Some special times of concerts were her participation in the concert at the Theological School of Chalki (Constantinople), under the aegis and presence of the Ecumenical Patriarchate of Constantinople Bartholomew, in the concert tributed to the 70 years of the Apostolic Diakonia of Church of Greece, at the Athens Concert Hall, under the aegis and presence of blessed Archbishop of Athens and all of Greece, Christodoulos and in the concert for the inauguration of the Athens Cathedral, Concert for the Inauguration of the Athens Cathedral, under the aegis and presence of blessed Archbishop of Athens and all of Greece, Ieronymos II. Nektaria has also been involved in several television projects, such as the "Epikranthi" series, with byzantine hymns, filmed at the byzantine town of Mystras for the Greek National TV.
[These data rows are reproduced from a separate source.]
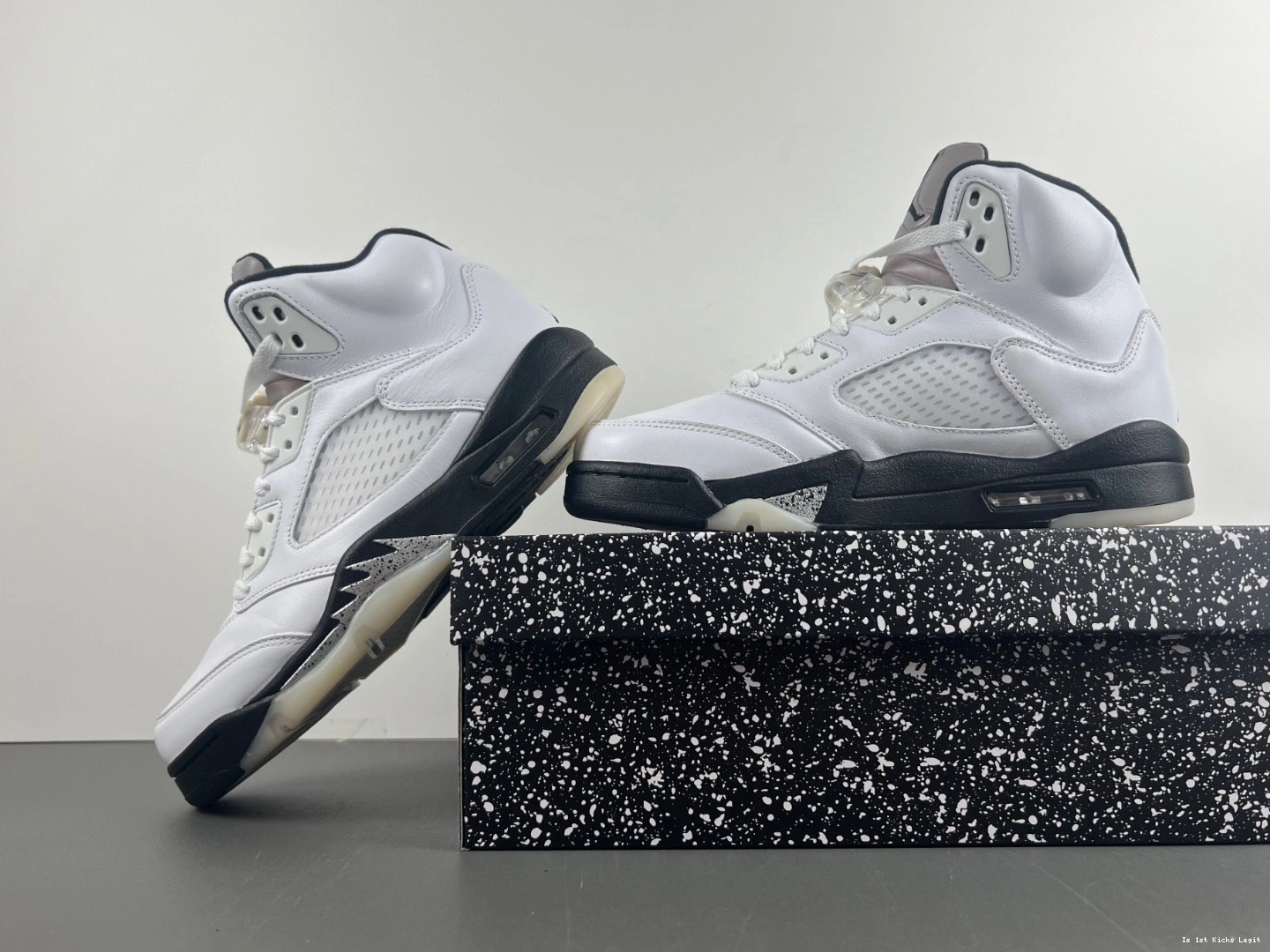 DD0587-110 Black Air 5 Jordan White 1123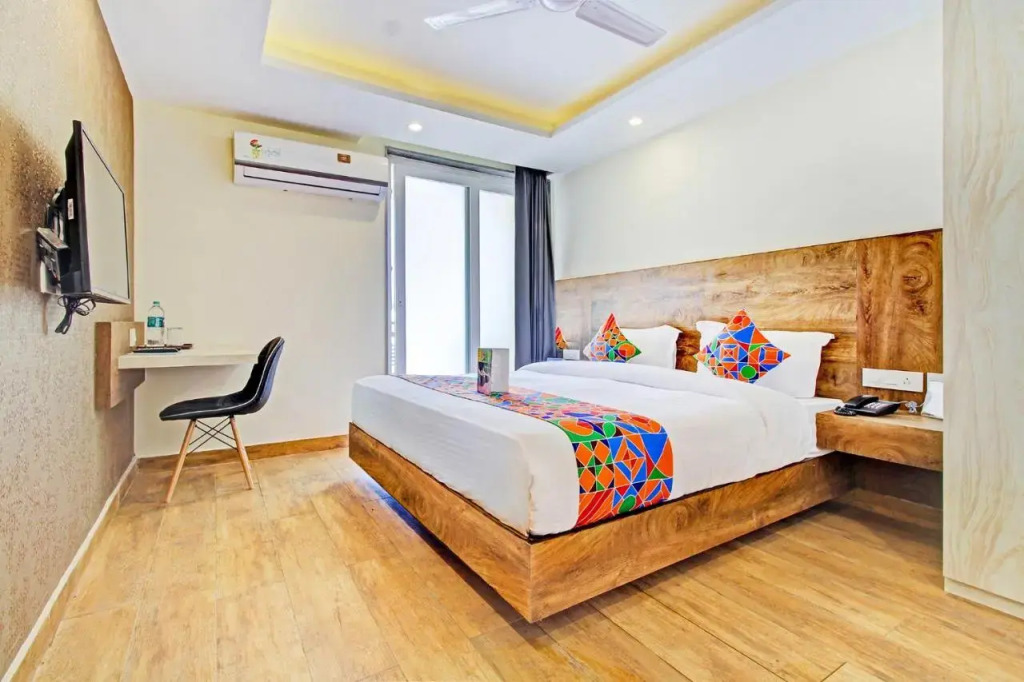 FabHotel Soft Petals Near Millennium City Centre Gurugram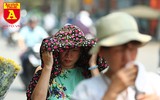Nắng nóng 41 độ C, khách du lịch ở Hà Nội phải cầm quạt khi đi dạo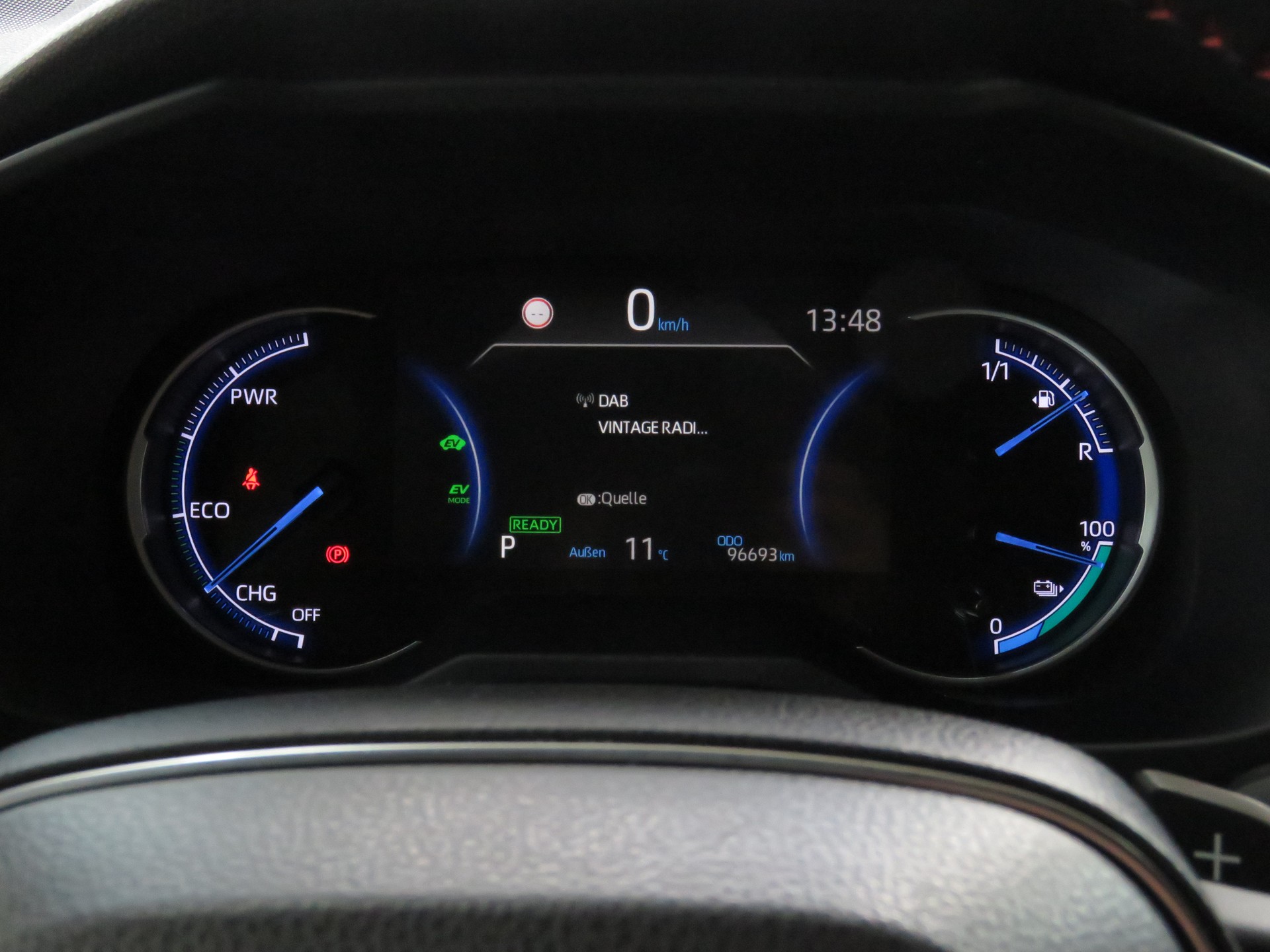 SUZUKI Across 2.5 Plug-in-Hybrid Compact Top E-CVT (Automat)-image-17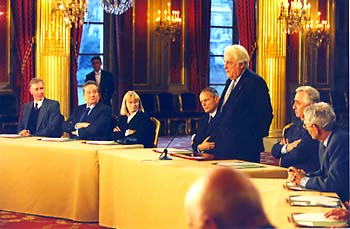 21. Januar 1997 - Einsetzung der von Pierre Truche geleiteten Reflexionskommission über die Justiz.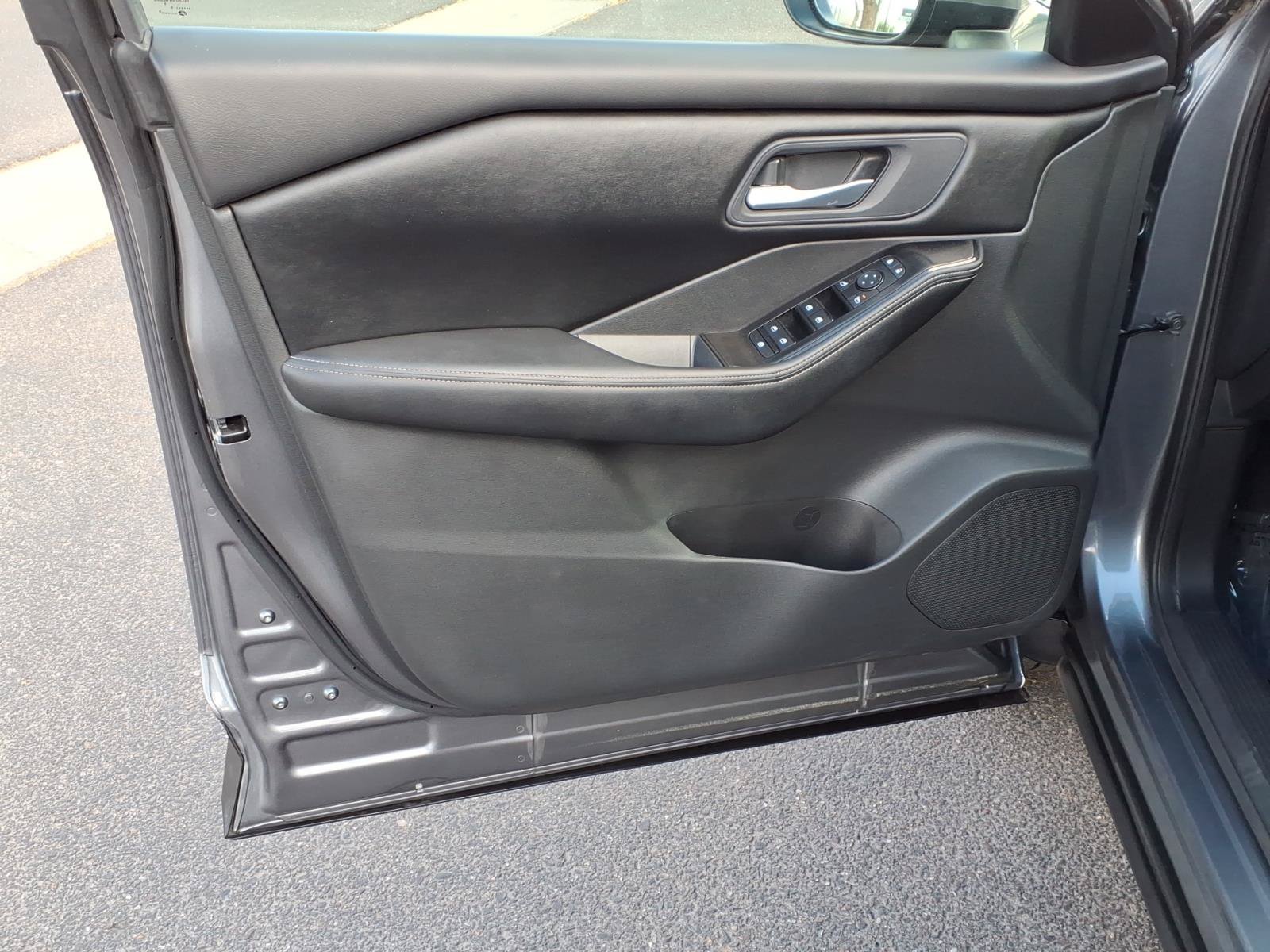 Used 2025 Nissan Rogue SV FWD image 21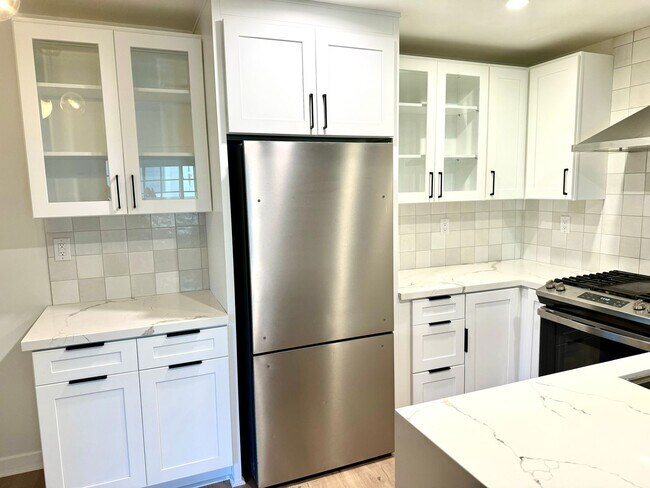 Building Photo - Beautiful 2 bedroom, 2 bathroom condo in d...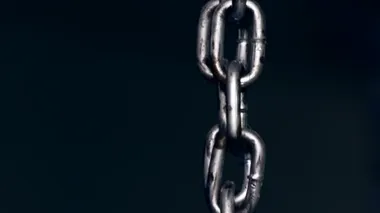 Karanlıkta sallanan zincirler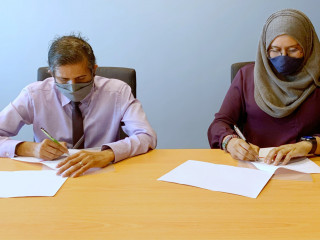 ރާއްޖެޓީވީ އަދި އާރކް ގުޅިގެން ޕްރޮގްރާމް ގެނެސްދިނުމަށް އެމްއޯޔޫގައި ސޮއި ކުރަނީ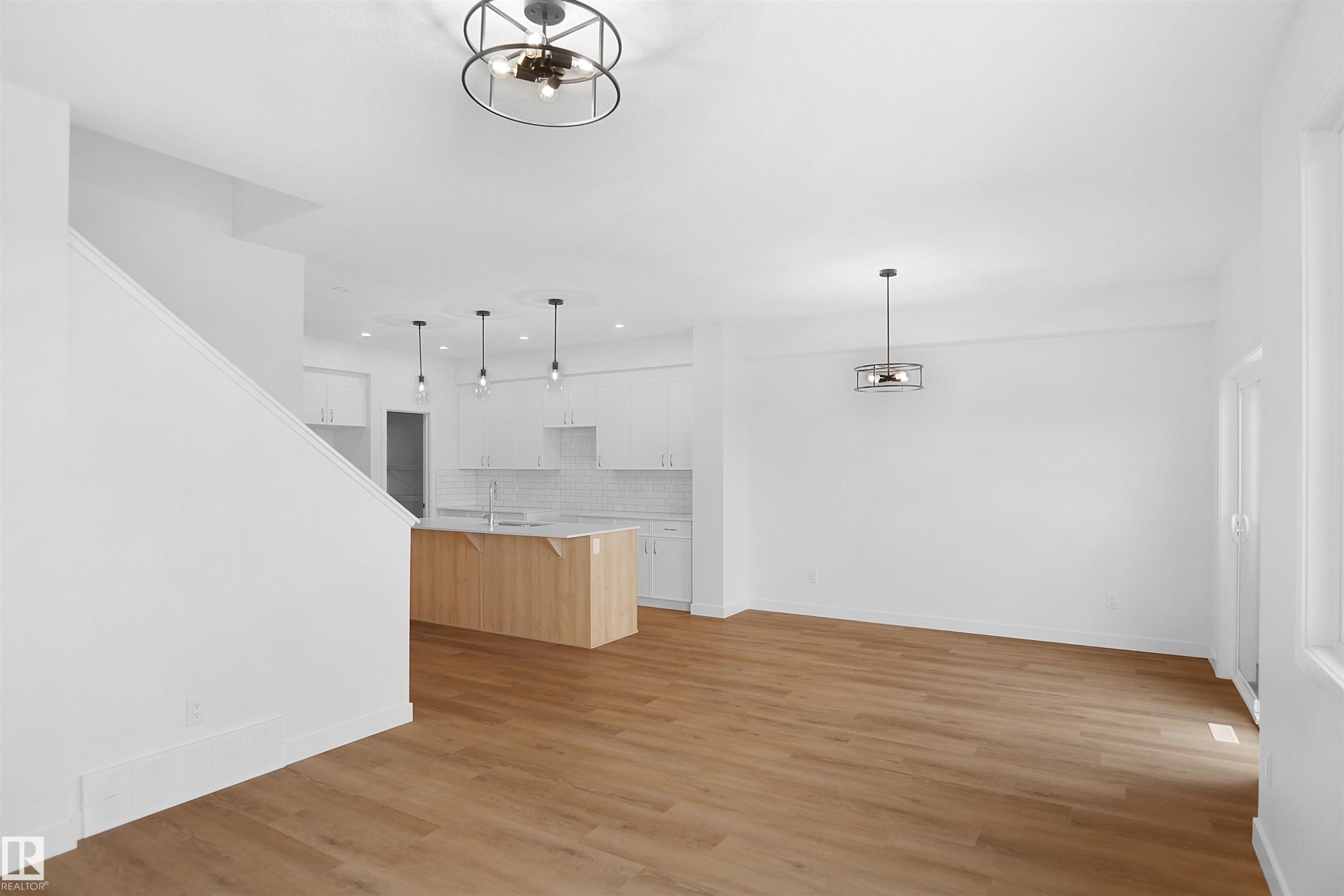 1631 11 Avenue, Edmonton, AB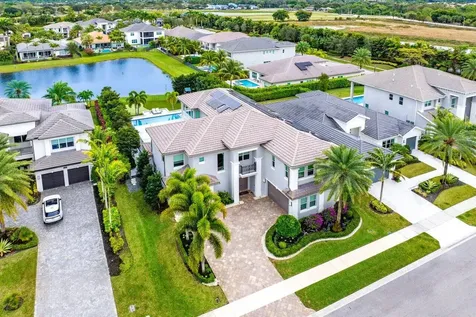 19878 Meadowside Lane Boca Raton FL 33498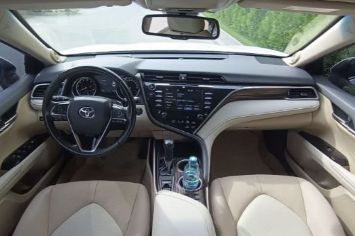 Интерьер Toyota Camry с автоматом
She is the Founder and the Honorary President of the “Women in Byzantine Music worldwide Association” and she is the President of the Metropolitan Symphony Orchestra of Athens, which is under the aegis of the Archbishop of Athens and all of Greece, Ieronymos II. She has been honored by the blessed Archbishop of Athens and all of Greece Christodoulos. She also has been honored for her contribution to Byzantine Music by the Byzantine Chanters through the Hellenic Musicological Society –Institute for Byzantine and Greek Traditional Music Studies and the music magazine «To Psaltiri”. She has been honored by the Byzantine Chanters of Rhodes island and the Cultural Association of Vatika and she is honorary member of the Cultural Association of the Peloponnesians of the Rhodes island "Morias". Nektaria has studied Law, undertook postgraduates in Penal Law, Criminology, Ecclesiastical Law and she is also a Doctor of Laws.